Na mesma linha do que acabei de falar, não há resposta única para essa resposta. Particularmente, eu vejo duas grandes contribuições. Primeiramente, a que mencionei acima: desconstruir a ideia que estamos inventando a roda o tempo todo. Aprender que nossa ancestralidade enquanto professor é formada por práticas construídas historicamente é libertador para aqueles que tratam o passado como tabu. Assim, a velha pergunta “que tipo de professor você é?” feita em 9 a cada 10 reuniões pedagógicas nas escolas perde o sentido. Não existe tipo de professor, existem práticas que compõem nossa identidade, que podem ter origem desde os jesuítas e os professores “tradicionais” até as discussões sobre educação e tecnologia. Se for tentar dar um exemplo mais objetivo, posso dizer que Ferrer y Guardia e sua experiência educacional deu grande visibilidade à ideia de Educação Integral, criada pelos anarquistas, de modo que foi rapidamente apropriada por diversos movimentos educacionais, como o escolanovista, além de estar presente em políticas curriculares, como o caso na nossa atual BNCC.

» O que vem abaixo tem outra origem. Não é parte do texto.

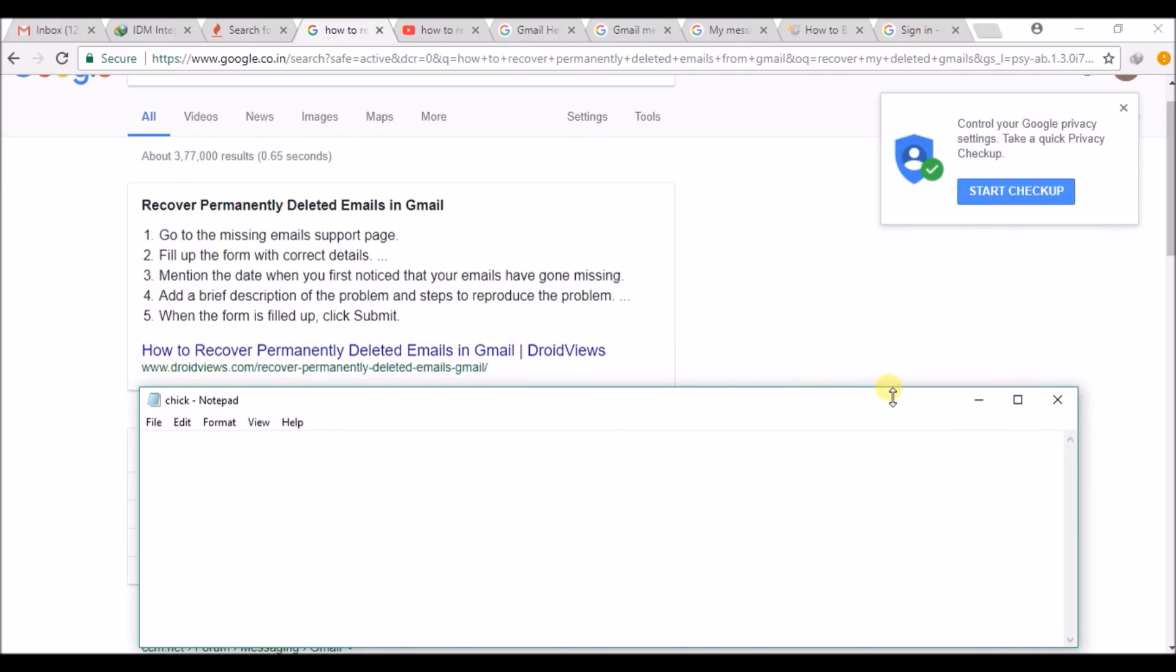Hello, good morning to you all. Today I will show you how you can recover your deleted emails even though they are deleted from trash—meaning the messages which are permanently deleted from your Gmail. This is officially from Google, from the support of Gmail.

A outra contribuição é desconstruir a lógica de emissor/receptor das políticas públicas em educação. Ainda se acredita muito que a educação funciona da seguinte forma: alguém, bem intencionado ou não, cria uma política e os professores tentam executá-la. A realidade não é assim. Ressignificamos as prescrições o tempo todo. Os professores da Escola Moderna de Stelton não tentaram “copiar” a Escola Moderna de Barcelona com base nos escritos de Ferrer y Guardia. E isso nos leva a outra frase que ouvimos o tempo todo no meio da educação “Ninguém, até hoje, aplicou Paulo Freire na Educação”. Não, e sabe por que? Porque ninguém aplica nada, e o próprio Freire nos ensina isso. Nos apropriamos de Freire, Ferrer y Guardia, e construímos nossas práticas criativamente. E o livro, resultante da pesquisa, evidencia isso. Um exemplo prático: em São Francisco do Sul, em 2018, os vereadores, no auge do populismo criado por esse tipo de coisa, aprovaram uma lei para a volta da Educação Moral e Cívica. Tirando questões de problemas do texto legal, antes de entender essa lógica de apropriação, eu ficaria apreensivo. Agora, vejo de outra forma. Os professores (inclusive eu) vão ressignificar essa tentativa prescrição, e poderão criar discussões bacanas, sobre cidadania, política e moralidade. Isso ocorre porque, a despeito do que pensam os grupos políticos, especialmente os conservadores, mudanças na educação nunca foram feitas na base da força. Quando a monarquia espanhola tentou fazer isso, alçou o educador Francisco Ferrer y Guardia do semi-anonimato a um lugar de destaque no mundo inteiro.